Nadie ha definido mejor a
Pedro Sánchez que Julio Anguita: “producto de marketing que
dice vulgaridades”. Exacto. Es una vulgaridad que todo un
Secretario General del Partido Socialista, siguiendo la
línea de la caricatura en que se ha convertido Felipe
González, utilice los argumentos de la extrema derecha para
atacar a aquellos que actualmente desafían al poder. El
PSOE, ante la falta de contenido, necesita hablar del
pasado. Yo me pregunto, ¿qué opinarían su fundador Pablo
Iglesias o socialistas como Negrín, Largo Caballero o
Indalecio Prieto al ver a su líder apelar a la Unión
Soviética, al terrorismo, a América Latina, a Grecia o al
libro negro del comunismo para intentar desacreditar a quien
propone medidas sociales? ¿A quién votarían hoy todos estos
socialistas? Ya se lo digo yo. Tanto ellos, como todos los
socialistas de corazón sabrían que la fidelidad jamás es a
las siglas, sino a los principios.
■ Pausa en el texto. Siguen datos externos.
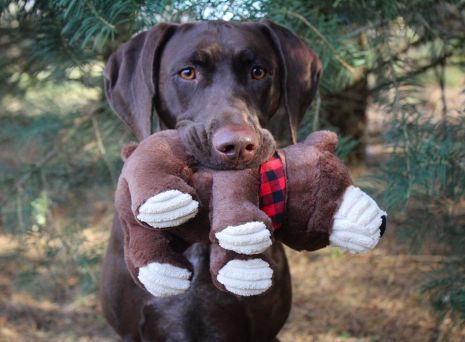 Tall Tails Crunch Bear Toy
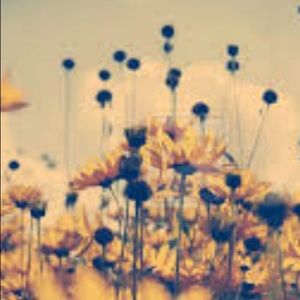 Meet your Posher, Aubree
Que los partidos son
instrumentos y que cuando un instrumento deja de ser útil es
el momento de crear o buscar otro.Tanto ellos, como los
socialistas de corazón, sabrían que ser fiel al proyecto
socialista, a la lucha por la igualdad y la justicia en
2015, es votar morado, es votar Podemos. Y le dirían a Pedro
Sánchez que no por mucho gritar se consigue tener carisma.